Input material START

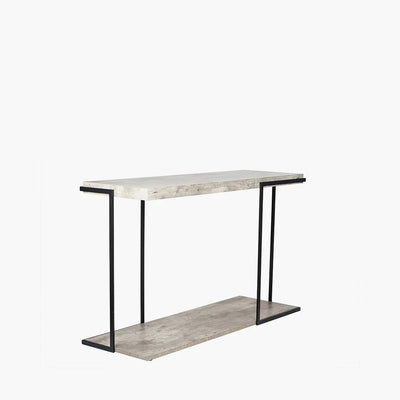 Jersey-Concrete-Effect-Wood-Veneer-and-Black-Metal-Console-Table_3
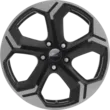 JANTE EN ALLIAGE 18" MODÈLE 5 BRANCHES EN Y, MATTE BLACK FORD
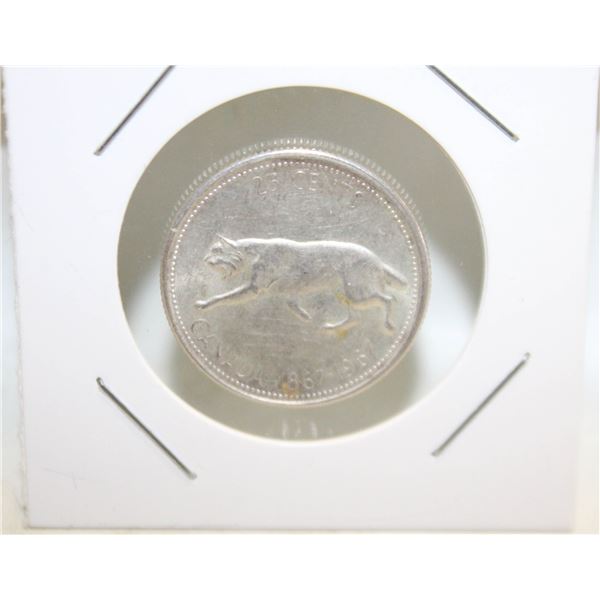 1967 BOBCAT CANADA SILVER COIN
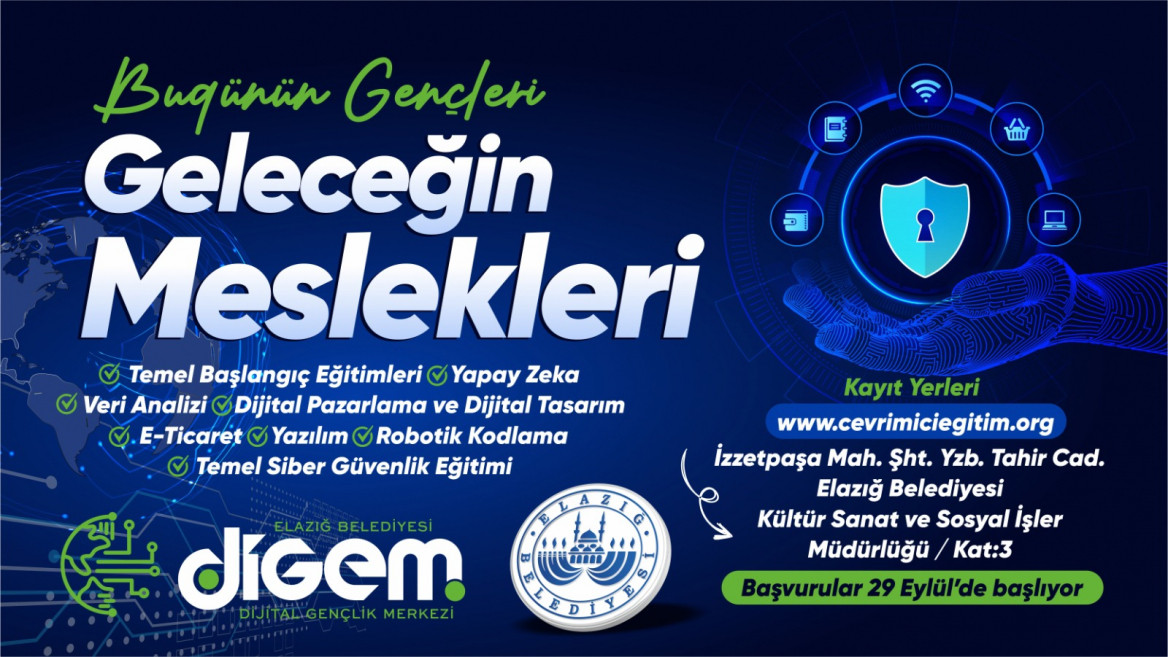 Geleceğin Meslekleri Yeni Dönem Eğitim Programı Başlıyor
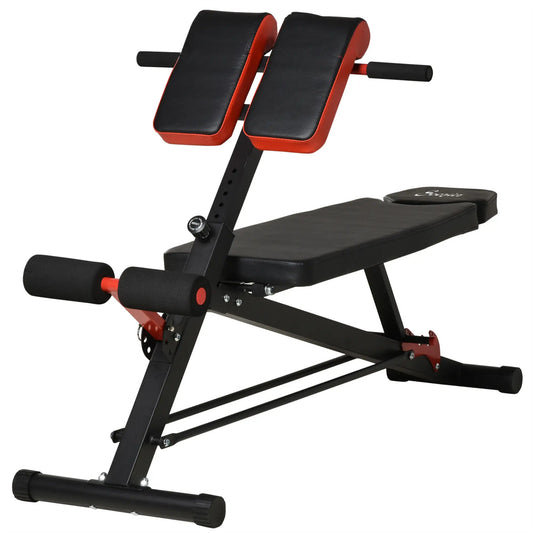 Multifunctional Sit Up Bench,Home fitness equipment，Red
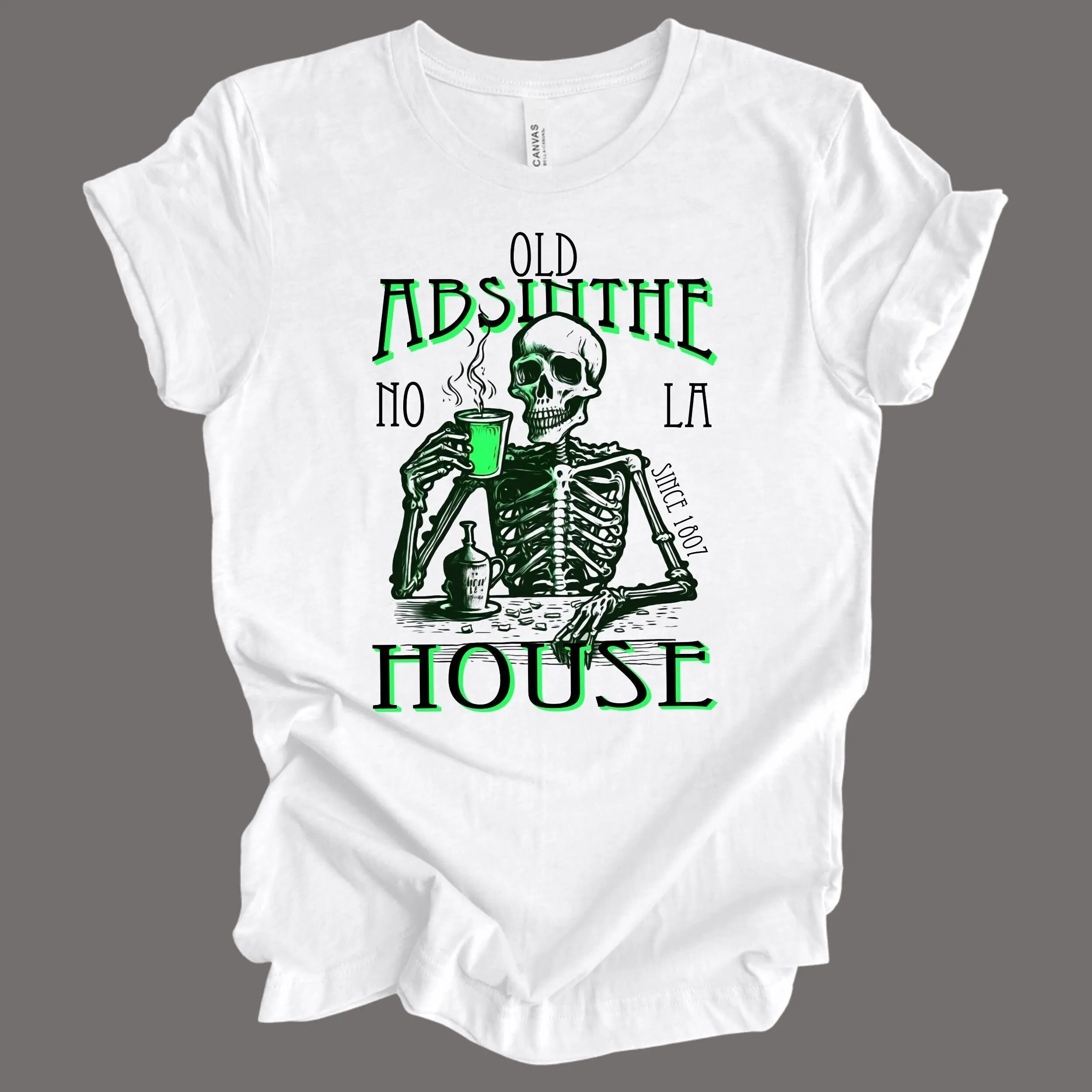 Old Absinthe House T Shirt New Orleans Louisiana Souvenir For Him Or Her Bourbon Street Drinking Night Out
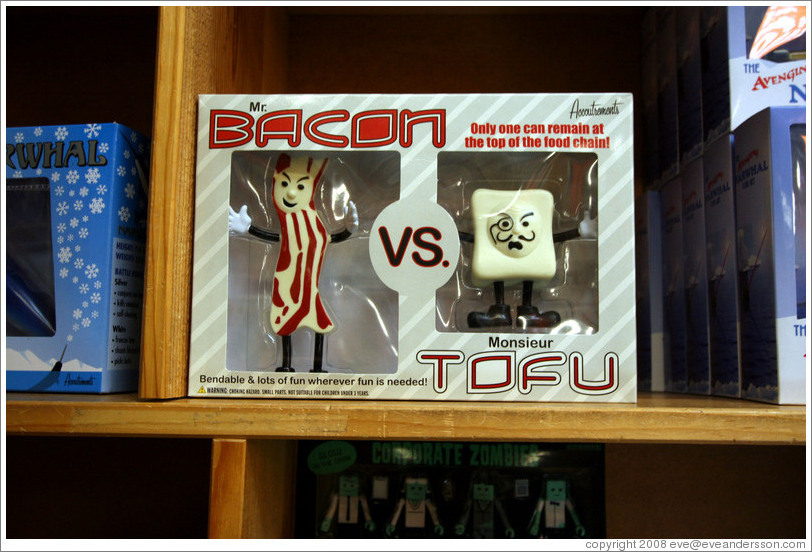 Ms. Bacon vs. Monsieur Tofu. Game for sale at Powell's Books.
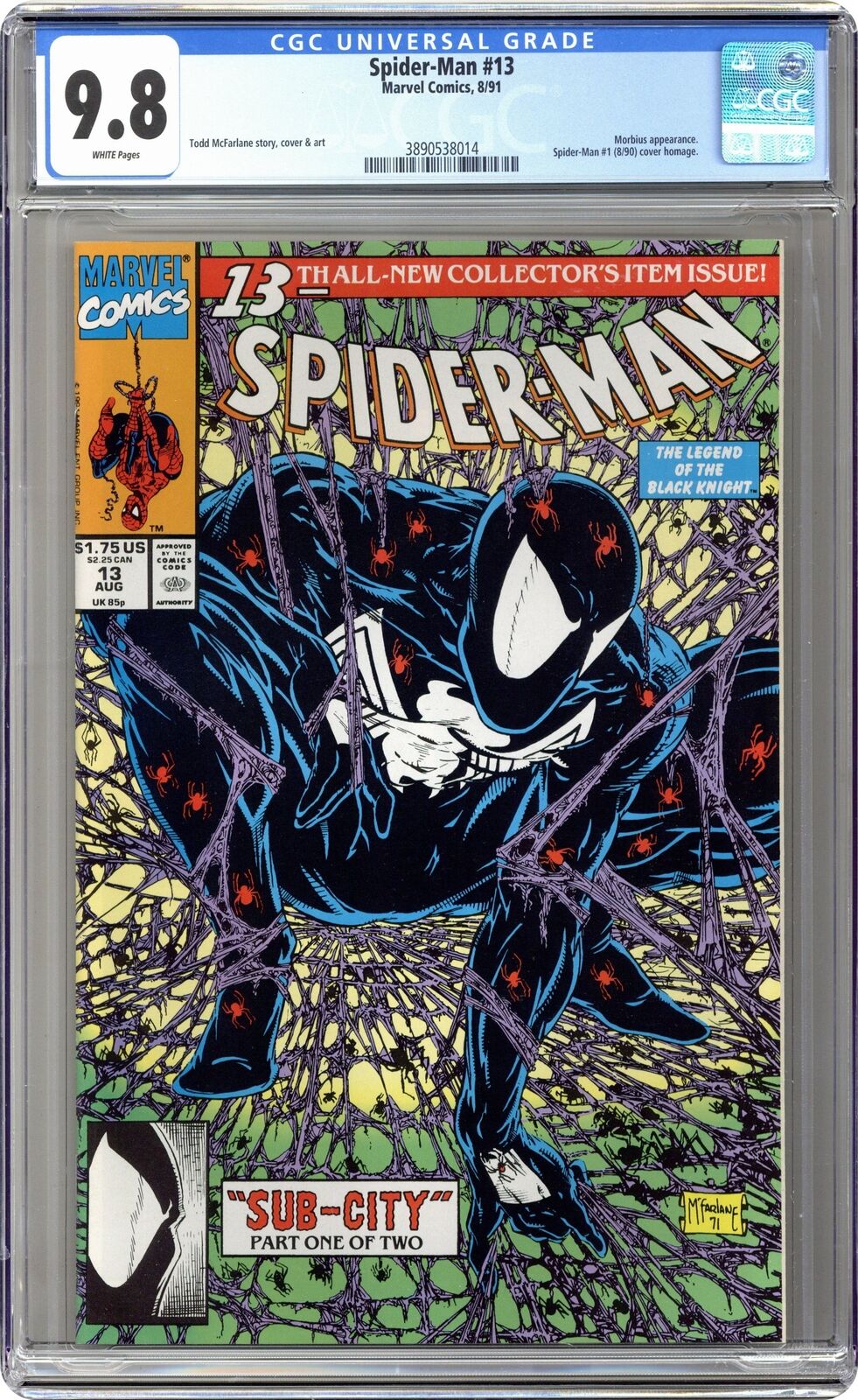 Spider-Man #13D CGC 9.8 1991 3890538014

Input material END

* What you are asked to do
Verbatim repetition of the entries is required, excluding any pictures.

* Answer space
 Jersey-Concrete-Effect-Wood-Veneer-and-Black-Metal-Console-Table_3
 JANTE EN ALLIAGE 18" MODÈLE 5 BRANCHES EN Y, MATTE BLACK FORD
 1967 BOBCAT CANADA SILVER COIN
 Geleceğin Meslekleri Yeni Dönem Eğitim Programı Başlıyor
 Multifunctional Sit Up Bench,Home fitness equipment，Red
 Old Absinthe House T Shirt New Orleans Louisiana Souvenir For Him Or Her Bourbon Street Drinking Night Out
 Ms. Bacon vs. Monsieur Tofu. Game for sale at Powell's Books.
 Spider-Man #13D CGC 9.8 1991 3890538014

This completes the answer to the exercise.